Extract every line between the one with "Netflix könnte bei" and the end of the entries, both included, word for word and free of pictures.

################

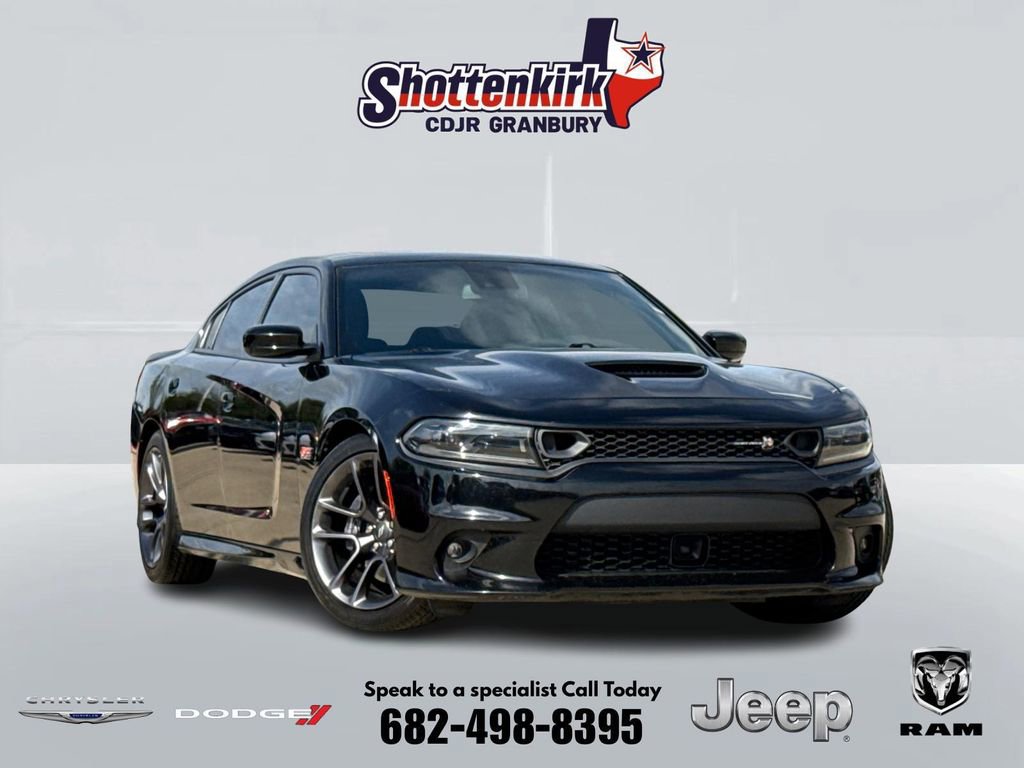 Used 2023 Dodge Charger Scat Pack w/ Navigation & Travel Group image 1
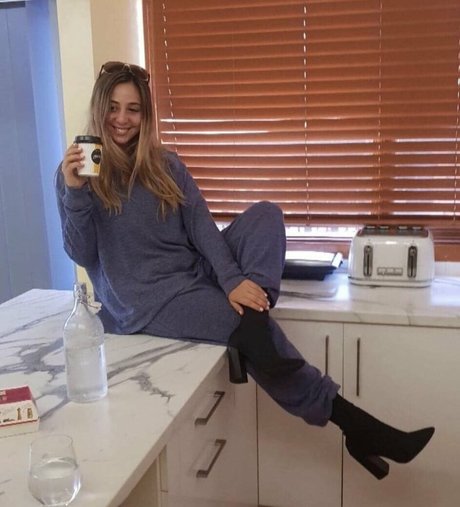 Wears ren sexy star photos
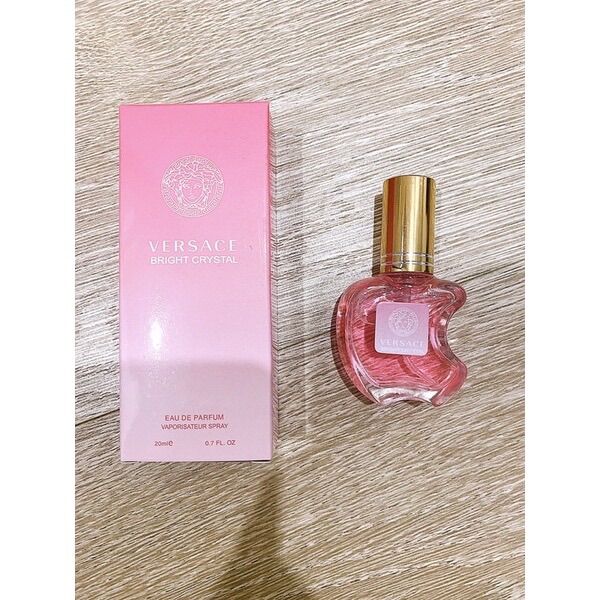 Nước hoa mini nữ versace hồng 20ml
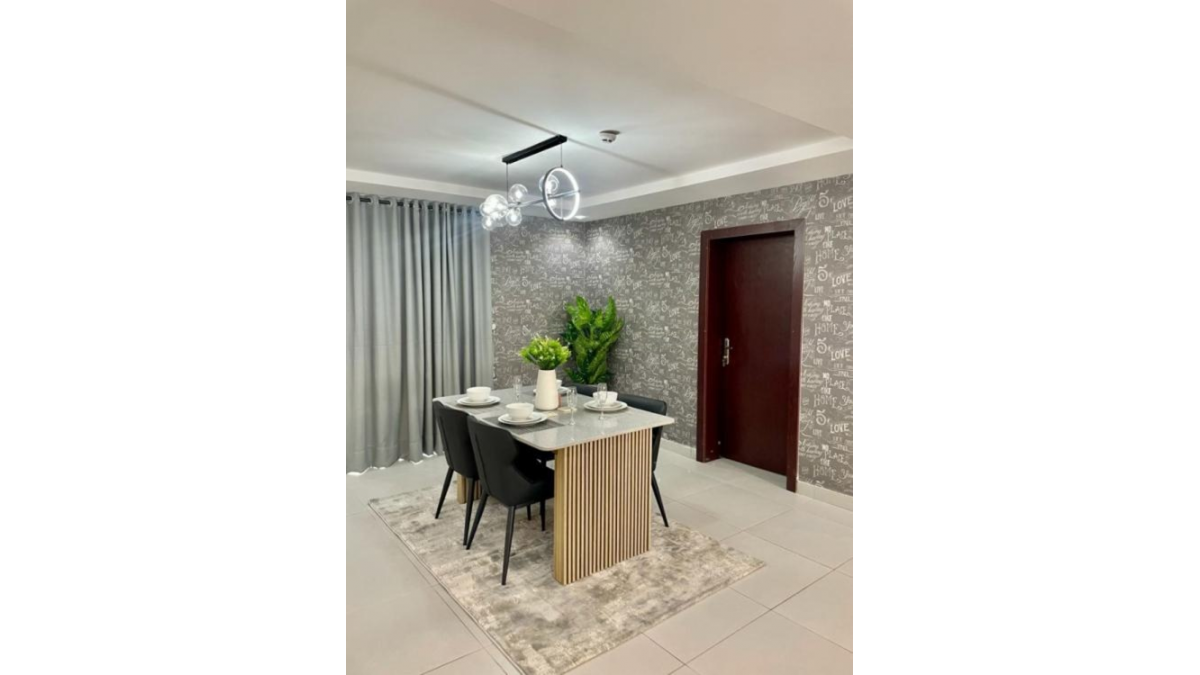 2 bed flat to let, Crown Lodge, Elystan Street - African Land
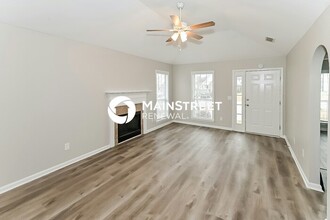140 Mayfair Ln in Calera, AL - Building Photo - Building Photo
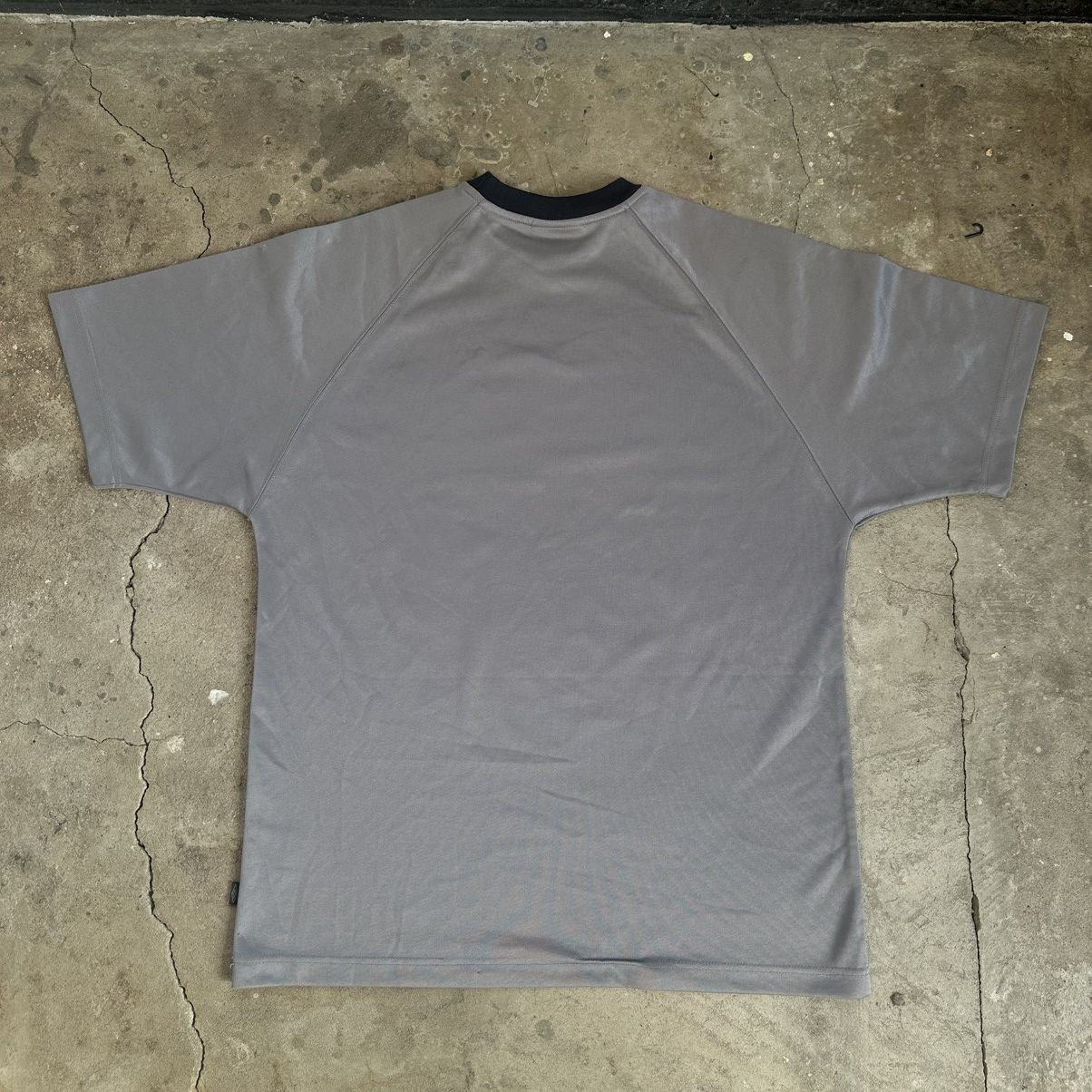 Umbro Vintage Umbro t shirt big logo 90s Size US M / EU 48-50 / 2 - 7 Thumbnail
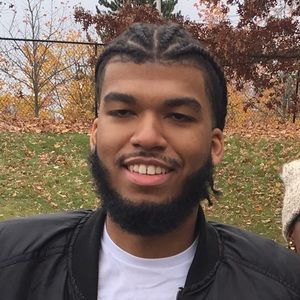 Meet your Posher, Maxwell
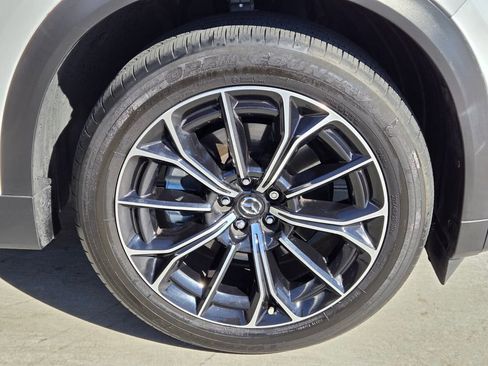 Certified 2025 MAZDA CX-70 Plug-In Hybrid w/ Premium Pkg image 8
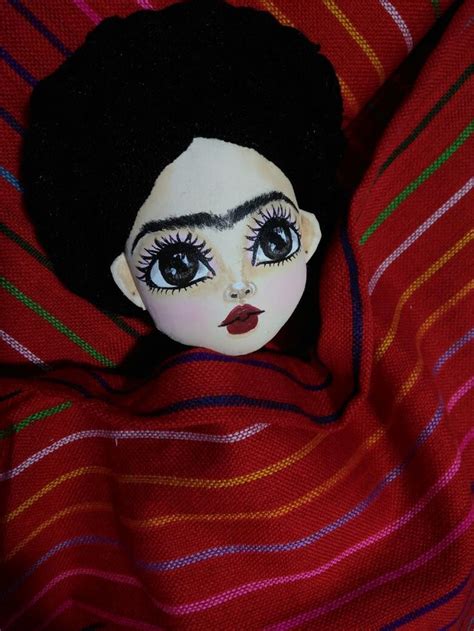 muñequita de tela inspirada en Frida Kahlo Dolls handmade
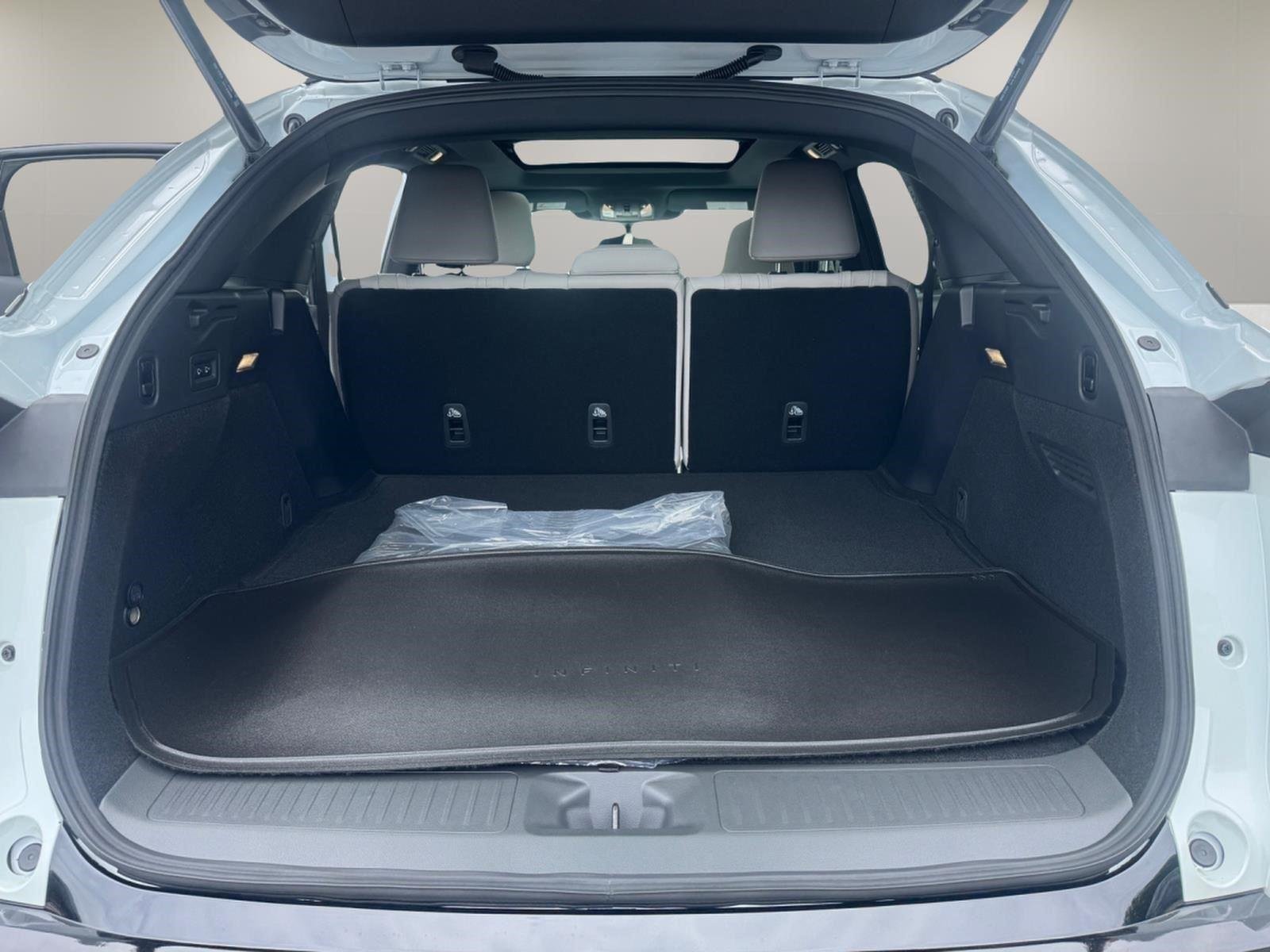 New 2027 RADIANT WHITE INFINITI Luxe AWD image 12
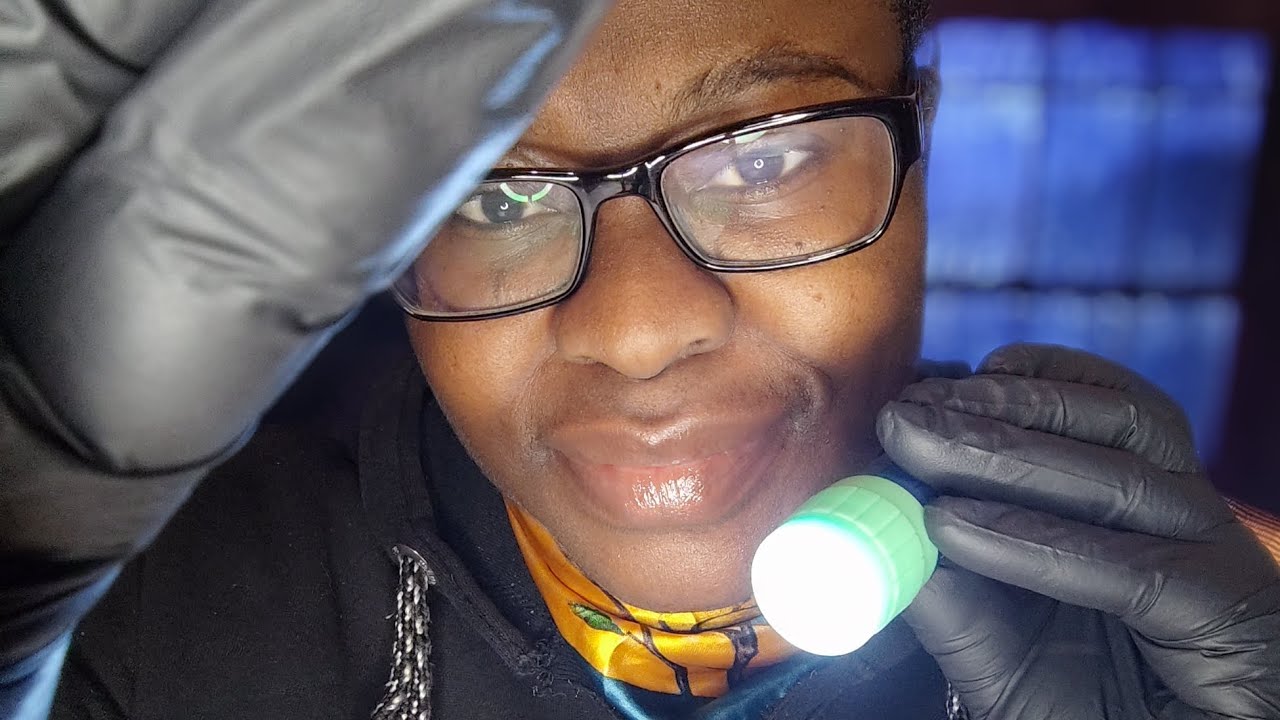 Медицински точная #asmr Ролевая игра с осмотром черепных нервов от врача Hirnnervenuntersuchung 👩...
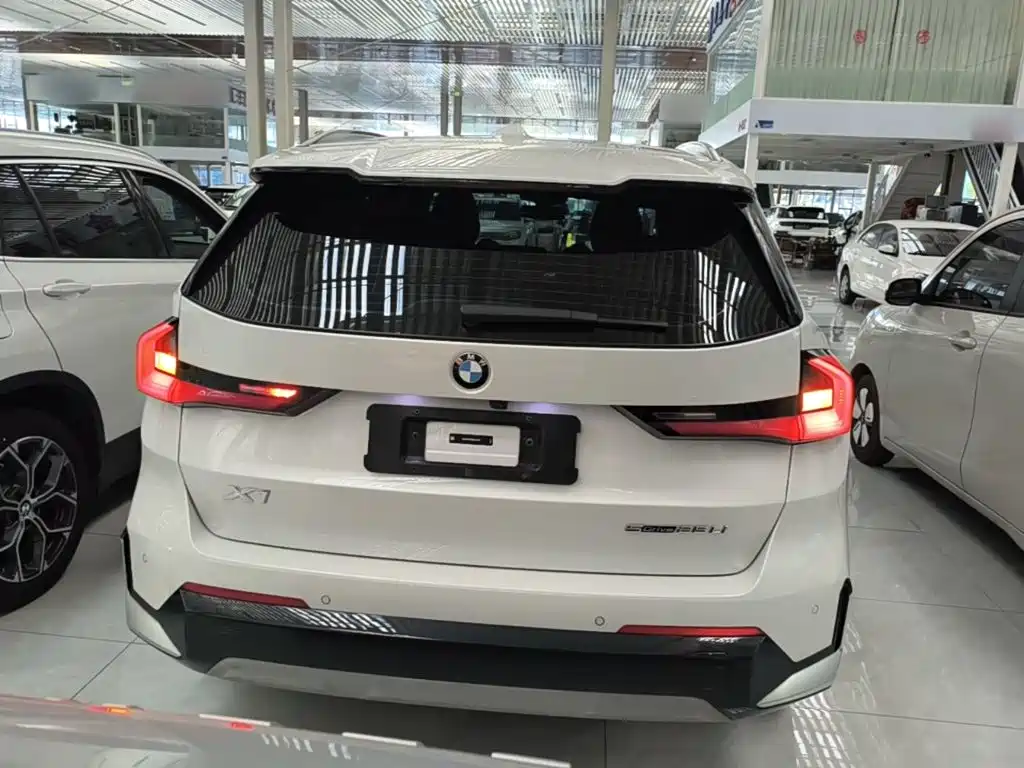 BMW X1 — миниатюра 6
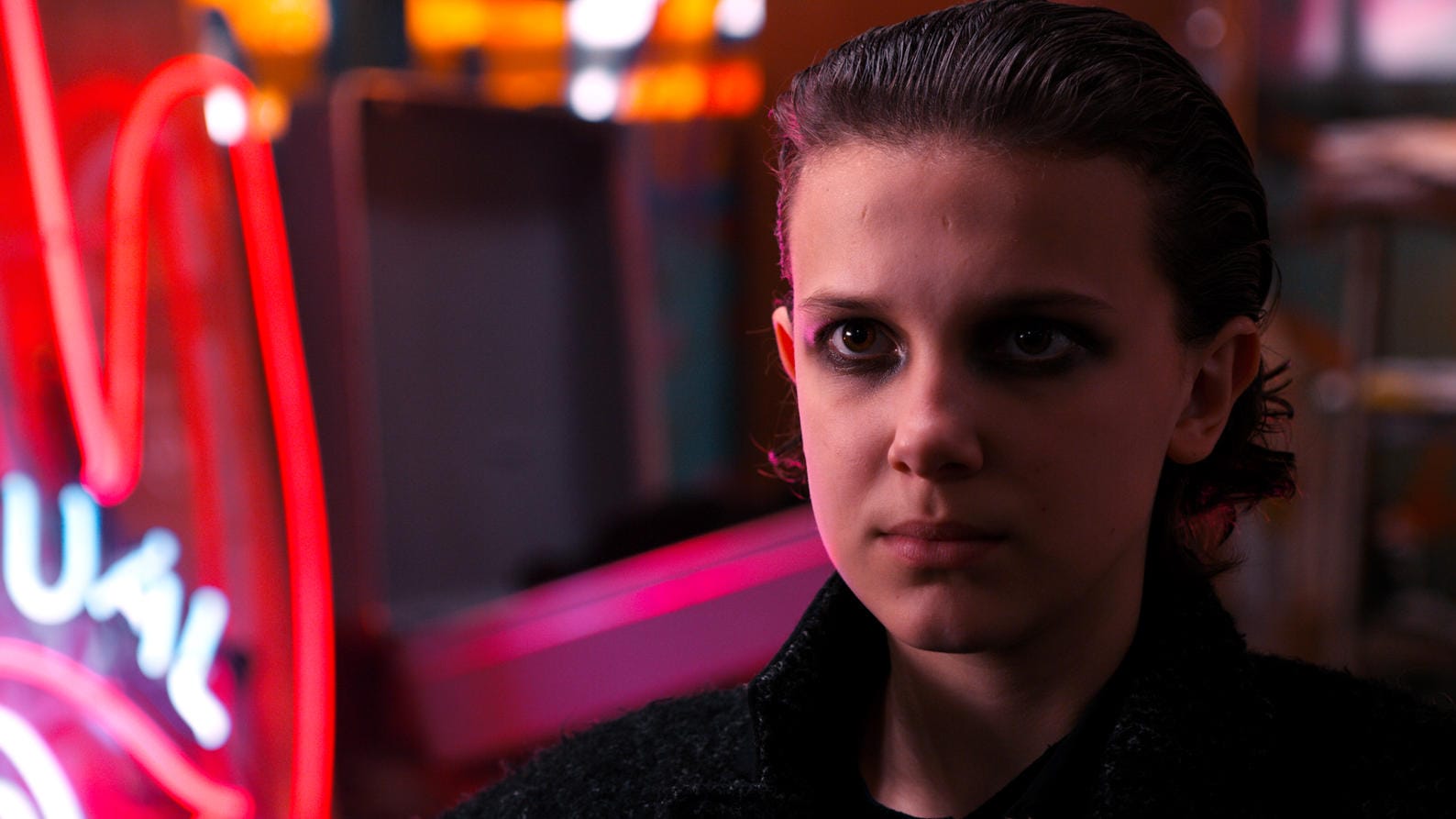 Netflix könnte bei den nächsten Emmy Awards der große Abräumer sein: Millie Bobby Brown ist als beste Nebendarstellerin in einer Dramaserie nominiert. Die zweite Staffel SciFi-Mysteriyserie wurde im Oktober 2017 bei dem Streamingdienst veröffentlicht.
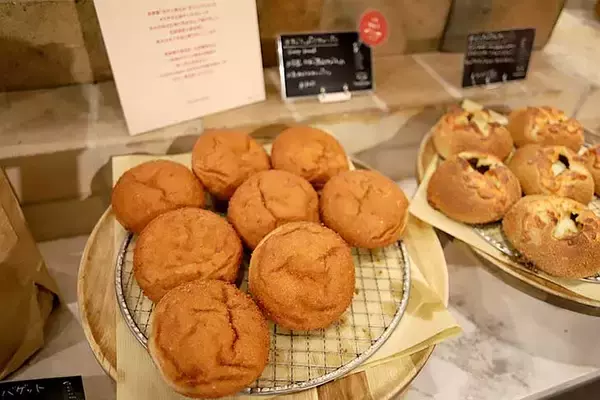 「【大阪モーニング】パンとスープで大満足！『foodscape！ BAKERY北浜 パンとスープ』のトーストセット」の画像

################

Answer area -
 Netflix könnte bei den nächsten Emmy Awards der große Abräumer sein: Millie Bobby Brown ist als beste Nebendarstellerin in einer Dramaserie nominiert. Die zweite Staffel SciFi-Mysteriyserie wurde im Oktober 2017 bei dem Streamingdienst veröffentlicht.
 「【大阪モーニング】パンとスープで大満足！『foodscape！ BAKERY北浜 パンとスープ』のトーストセット」の画像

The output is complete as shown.